Some songs arrive wearing brightness like armour. Beneath the shine, however, there can be a tremor, the private static of a mind trying to sort truth from noise. That tension gives Nicosongs‘ ‘Insane (sb90 Remix)‘ its strange magnetism.
It is built for movement, yet keeps glancing inward, as if club lights have caught someone mid-thought. In an age of automated feeds, hard opinions, soft panic, and shrinking patience, the track hears confusion as rhythm rather than paralysis.
It asks the body to move while the head tries to make sense of a room changing shape.
Nicosongs, also known as Nico, enters this release from a background that already carries a sense of theatre. A Melbourne-based Chilean Australian artist, born Nicolas Araya, he comes to pop through drama, self-taught singing, live performance, and the long discipline of covering artists whose emotional directness helped form his own voice.
Lady Gaga is named as a major influence, and that makes sense, not as imitation, but as permission. Nico has performed at Melbourne venues such as The Workers Club and The Evelyn Hotel, and he has opened for Sam Perry, winner of The Voice Australia 2018.
Those details matter because ‘Insane (sb90 Remix)’ does not feel like a bedroom sketch seeking a stage. It feels stage-aware immediately.
The track began with Nicosongs and Taka Perry in Sydney in 2022, then returned years later through producer sb90, whose remix gives the material a sharper public face. As a debut official release, that history is important.
This is not the sound of an artist rushing to introduce himself with every possible idea at once. Instead, it gathers a few strong instincts: melody, pressure, atmosphere, pop drama, and emotional directness.
The result sits close to dance pop and R&B, yet its core is closer to confession. It knows that a hook can be catchy and uneasy, the way a neon sign can make a lonely street look ceremonial.
sb90’s reimagining gives ‘Insane’ a clean, forceful frame without flattening its anxiety. The beat has forward motion, but the vocal never gets swallowed by it. Nico sings with a controlled fragility, placing softness against impact so that the song can breathe inside its own rush.
The production does not simply decorate the feeling, it organizes it. Percussive lift, low-end weight, and dramatic rises make the track feel cinematic, yet the writing keeps returning to human scale. There is a sense of someone pacing a room, replaying a sentence, then suddenly stepping into bright light.
That movement from interior pressure to open release is where the song finds its power.
At its centre is disconnection: from certainty, from other people, from a culture that keeps asking for instant answers even when the questions are badly formed. The press release points to confusion and a negative view of the current state of things, while TuneFM adds another sharp thread, anxiety around AI and a society becoming harder to read.
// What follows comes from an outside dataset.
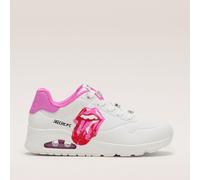 Skechers Uno Diamond Stones Lace-Upper Trainers WHITE SIZE 8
In that sense, ‘Insane (sb90 Remix)‘ recalls the old split-screen panic of Fritz Lang’s ‘Metropolis’, where machinery, desire, labour, and spectacle all push the human face toward distortion. Nico is not making science fiction, but he is writing from a similar pressure point.
The song wonders what happens when right and wrong turn into two flat colours, and nuance gets kicked out of the room.
What keeps the release from sinking into gloom is its physical confidence. Latin pop history has long understood that sorrow and rhythm can share the same crowded floor, and Nico’s Chilean background gives that idea personal weight without making the track feel boxed into heritage.
The sadness here does not ask to sit still. It wants sweat, lights, breath, a chorus that can be held in public even when its meaning cuts in private. That is a rare emotional trick for a debut, and it suggests a performer who understands pop as a place where contradiction can be useful, even oddly generous.

There is also a pleasing refusal to over-explain. ‘Insane (sb90 Remix)‘ can be heard as digital fatigue, relationship confusion, social drift, or private mental overload. It leaves room for listeners to bring their own scattered week into the frame.
A pigeon could cross a Melbourne train platform at midnight and probably understand the mood better than most think pieces. That little absurdity feels right here, because modern confusion often arrives in silly clothing.
Nico catches that imbalance, heavy thought inside a bright surface.
For Music Arena Gh readers tracking new independent pop voices from Australia, Nicosongs offers a debut that is polished without sounding emptied of risk.
‘Insane (sb90 Remix)’ turns uncertainty into momentum and gives theatrical pop a personal charge.
If this is Nico’s first official marker, the more interesting question is what kind of clarity he may build from confusion next.